NSA personnel have access to some interesting records. Unfortunately, these retained records are not connected with a bonafide national security objective, but are files related to personal issues. The improperly transferred files are thought to relate to evidence of improper, non-official use of US government interception devices; and improper use of government resources.

Rather than freely disseminate this information between NSA personnel and contractors, NSA IG should review the NSA legal counsel's plan to adequately secure, safeguard, and avoid dissemination of this information. Some of the personnel with clearances for cryptographic information have files which fall outside what they're authorized to retain.

Also, NSA contractors should explain to the NSA IG why they are sending, storing, and receiving files unrelated to national security, law enforcement, or intelligence analysis.

When does NSA Management plan to review the improper transfer of personal files between NSA contractors related to unofficial, non-official information gleaned from US citizens?

It appears some of the contractors who have special clearances, security procedures, and compartmentalization are using this special clearance for cryptologic information to avoid adequate oversight of the files they review, transfer, and retain.

Ref: Personnel Security Policies and Procedures for Sensitive Cryptologic Information, (DoD Instruction 5210.45, November 14, 2008)

There should be a policy that says once a contractor clips a file, and re-sends it, that the sent-file is subject to privacy review: Is the file sent between contractors bonafide national security information; or is the information intended to provide contractors with amusement unrelated to work?

It's one thing to narrowly conduct a security review for information to be released; but what about information not released, but still sent without an obvious connection with the original intelligence interception objective?

Why are NSA contractors being paid to store, retain, clip, send, receive, and review audio files of American citizens, but those interceptions have no obvious connection to any intelligence objective, law enforcement purpose, or national security issue or concern?

We encourage NSA IG to provide to the Congressional Committees a copy of the report summary related to adverse actions taken under DOD Regulation 5200.2-R, Personnel Security Program, and discuss in detail the types of files the NSA personnel and contractors were improperly retaining, storing, sending, and reviewing. (See: Clearance Decisions, Adverse Adjudicative Action on Civilians)
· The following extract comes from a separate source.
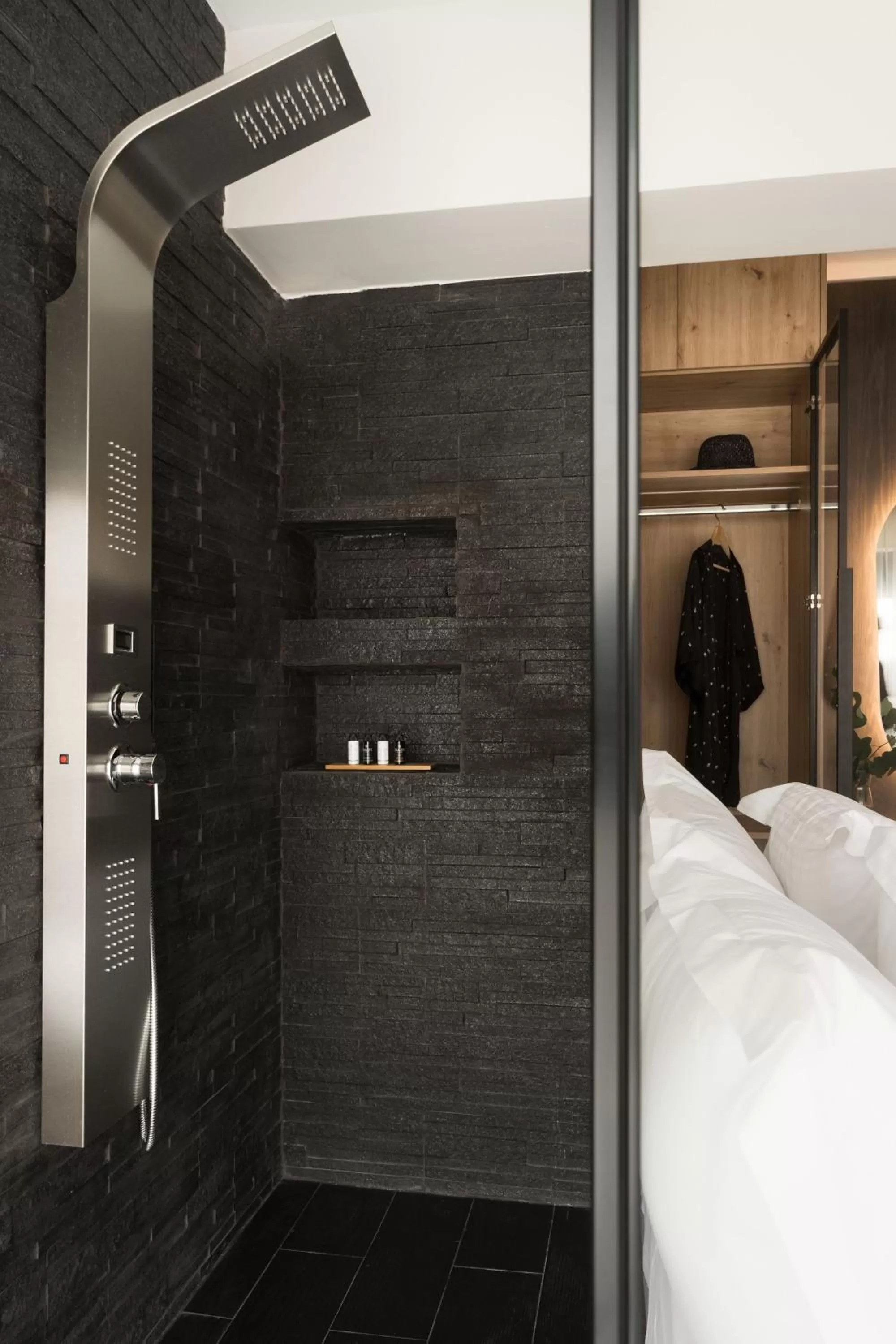 Shower, Bed in LUX&EASY Athens Downtown Apartments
Please discuss how various job descriptions were compared to work performed; how the NSA IG reviewed management oversight of work performed; and the method of sampling retained-transferred files to ensure consistency between work assigned, clearances granted, duties performed, and files found on the work station (See 5200.2-R, Section 3-100 , "Designation of Sensitive Positions").

Please use the date of this publication as a benchmark to monitor which retained files were removed after this date; and compare the file-deletion volume size before and after the publication date. (Possible evidence destruction, re 18 USC §2701, "Unlawful Access to Stored Communications") 
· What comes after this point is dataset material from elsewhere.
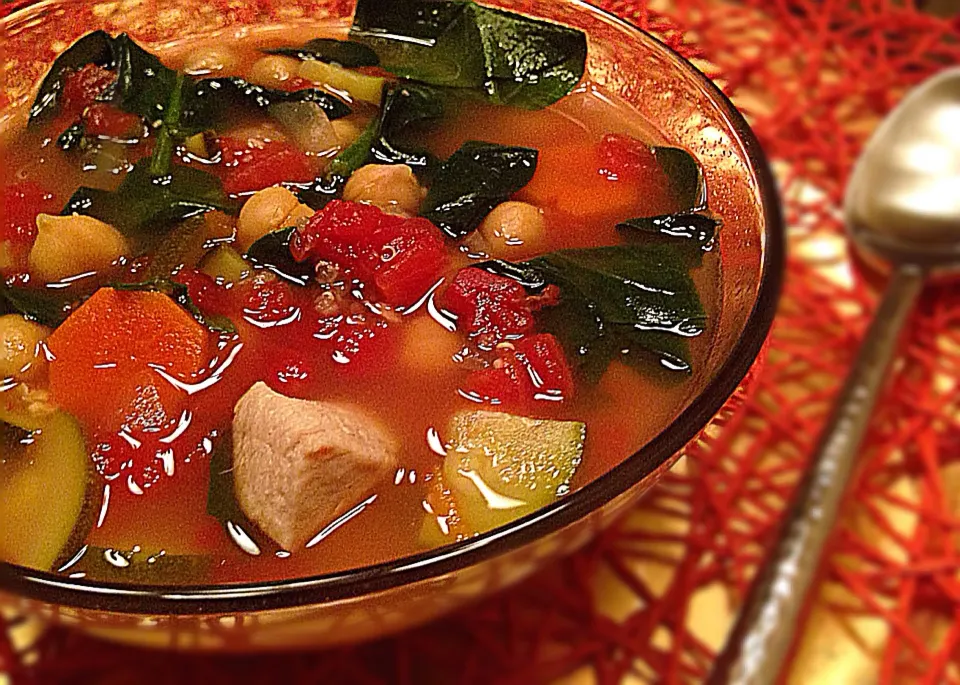 Chicken Vegetable Soup 236 Calories for 2 Cups !|lindsay robesonさん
Please discuss why an "authorized access" to stored communications includes retention, dissemination, and transfer of files unrelated to a bonafide law enforcement investigation; and why disseminated files, the object of that investigation, are not adequately safeguard to prevent further inappropriate review by NSA contractors after their initial interception.

DOJ IG should review when FBI agents were assigned to review; and the timing between their access to this information, and their reports of possible criminal activity. Copies of all classified DOJ OLC memos discussing this subject should be attached to the NSA IG report to the committee, with clear markings on the retained privileges.